I spend a lot of time trying to prove myself. Often in social situations, I find myself thinking about how to show how great I am — because I want other people to think I am a decent person. But the best conversations, the ones where I come away feeling wonderful, are the ones where we mutually share ideas and stories.
In the last few months, I’ve grown to dislike a lot of things on the internet. Things like Twitter and Facebook use the word “share” to describe the act of posting something for others to see. But sharing is most often about wanting to build up one’s self, rather than wanting to bring someone else into a world that is delightful or heartbreaking or fascinating.
So while avoiding the internet, I’ve been writing a book. But I often asked myself why I was doing this. Often the answer was that I wanted to be someone who wrote a book. It was a bad answer. What makes a wonderful author is the stories she shares, not the words she amasses.
The combination of the aforementioned things — 1) watching the world show off how great they are, and 2) my inability to write a halfway decent book — has made me wonder whether I am capable of such things. Maybe I lost it.
But one of my favorite professors, Red Burns, once said, “Creativity is not the game preserve of artists, but an intrinsic feature of all human activity.” It implies that every human being has the capability to communicate in ways that are uniquely and delightfully them — and we can't help but use it. This means, no matter your intelligence or experience, you can create beautiful things.
Now, it’s possible I subscribe to this “everyone can do it” philosophy because I’ve hit enough barriers to know that I am not supremely talented in any way. Sure, I think I’m good at certain things, but I’m often astonished and jealous of the talent others have to work with. So maybe it’s my way of coping — my way of keeping the dream alive.
But Red also believed that you shouldn’t use creativity to build up yourself or to dabble in your own brain. She believed it was all a means to an end: improving people’s lives. To share.
I used to question this notion. After all there is the stereotype of the brilliant artist who is lost in his own mind. But Yo-Yo Ma — a man who has reached the peak of his profession and is nothing short of a brilliant artist — said that he’s not out there to prove that he’s the best. Rather, he’s there to share. And that is just wonderful. He’s seen over the mountain, and he says there is no merit to doing things just to show how good you are.
I’ve been thinking a lot about the idea of regret. When people turn 50, or 60, or on their deathbed, what do they regret? I always read these stories on top five things people regret on their death bed, and I’m always amazed with is how many of them have to do with sharing — sharing feelings, sharing friendships, sharing honestly.
(An aside: I often think these are regrets I could have in life. But many of these are remedied by spending time to write — working less, expressing how I feel, spending time doing what I want, letting myself be happier. And when I write, friends tend to reach out to me, too.)
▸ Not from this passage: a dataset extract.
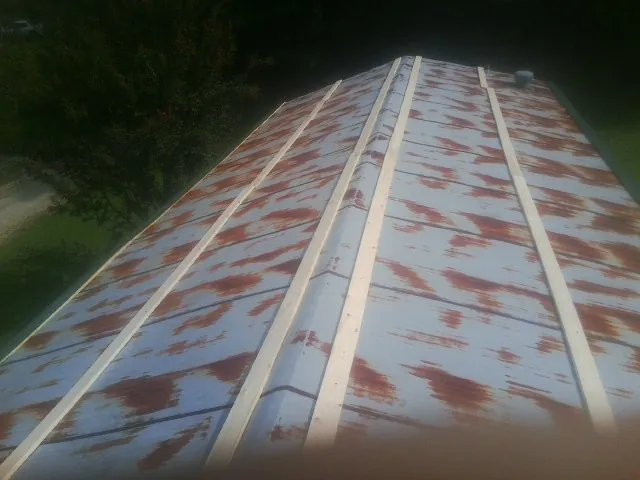 Rusted metal roof panels with new wood purlins before replacement — Storm Damage Roof Repair in Molena by Roofing Brothers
At age 27, I often think about what my life would be like if I’d made other decisions. I struggle with the success of others around me, as they earn job titles and raises and awards that sound a hell of a lot better than mine. I struggle with seeing others accomplish things and experience things that I always wanted to do. It’s not so much regret, because I still think everything could work itself out, but it’s the idea that I could one day regret it. It’s the idea that I’ll always want to be proving myself because I never accomplished what I wanted to — I never turned into the person I wanted to.
But Yo-Yo Ma said this wonderful thing about how he started playing the cello. He said, as a kid, he wanted to play a big instrument — an oversized bass — but his parents would only get him the next biggest: the cello. “I’m a firm believer of accidental meetings between objects, people, circumstances. Because so much of my life seems to have been orchestrated in that way.”
The way I see it (or am trying to see it), you don’t need to play the oversized bass to be a wonderful person — an accomplished person who creates meaningful things. Rather, you merely have to be open to serendipity. And when the world turns your way, you’ll have the chance show how great you are — but the better alternative will always be to use that energy to show others how great they are.
One of my favorite videos in the world is Yo-Yo Ma’s appearance on Mister Roger’s Neighborhood. In it, Yo-Yo Ma plays a song for Mr. Rogers — and Mr. Rogers says, “Do you know what a present that is when you play something for someone? It’s just like giving them a present!”